# Amuse Your Children With Children's Gift Baskets



## lee Mike (Jul 19, 2011)

Gone are the days when gift baskets were only given on professional gatherings to signify respect and honor to the host. Trends are even changing for the kind of gifts you used to receive. When you were of your child's age, could you even think of getting the latest gadget as a gift from a family member? Of course not! Nowadays children get to receive such cool stuff (and by 'cool' I really mean cool) for their birthdays. Children gift baskets on different occasions like birthday, get well, Christmas, etc. is a gift that will be remembered by the child for years.


----------



## M T Buckets Painting (Nov 27, 2010)

Wow, what a beautiful post. There is one problem, nobody gives a ****.

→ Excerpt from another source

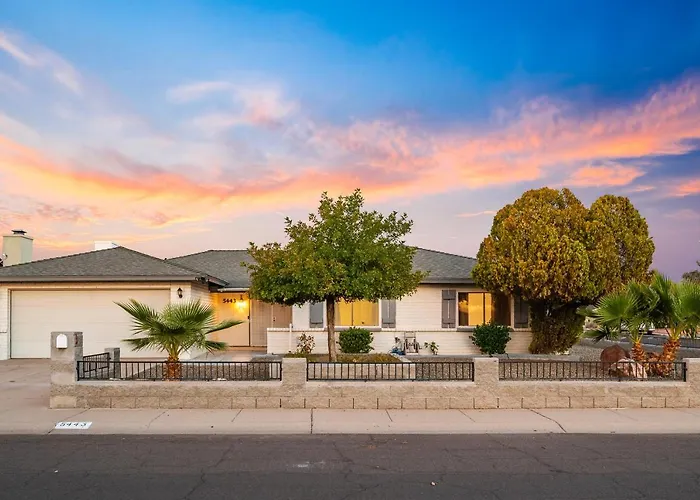 Holiday home Retreat: Refreshing Pool~ Golf ~games Asu Glendale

Put this thread along with your other posts in a basket and give it to someone who cares.


----------



## silverstilts (Oct 15, 2008)

Here I thought this was just a drywall forum. Why in the world would someone join this forum and post unrelated crap I will never know.


----------



## moore (Dec 2, 2010)

Who the f''k is lee mike:blink:!??


----------



## 2buckcanuck (Jul 9, 2010)

silverstilts said:


> Here I thought this was just a drywall forum. Why in the world would someone join this forum and post unrelated crap I will never know.


So he can make money :yes:

just encase some don't know, since were tapers and rockers here, not computer geeks. Don't click on any of the links they post up. they get so much money by how many hits they get.so your feeding the monster. On the other hand, if you want to see Nathan make money, click on the advertisements you see on DWT, he makes x amount of money by us checking out the advertisements.

I'm sure most guys know that, especially the young bucks, but in case some don't........


----------



## moore (Dec 2, 2010)

2buckcanuck said:


> So he can make money :yes:
> 
> just encase some don't know, since were tapers and rockers here, not computer geeks. Don't click on any of the links they post up. they get so much money by how many hits they get.so your feeding the monster. On the other hand, if you want to see Nathan make money, click on the advertisements you see on DWT, he makes x amount of money by us checking out the advertisements.
> 
> I'm sure most guys know that, especially the young bucks, but in case some don't........


I click on to that silverado every chance i get .. aahhhhh yeah. :yes:


----------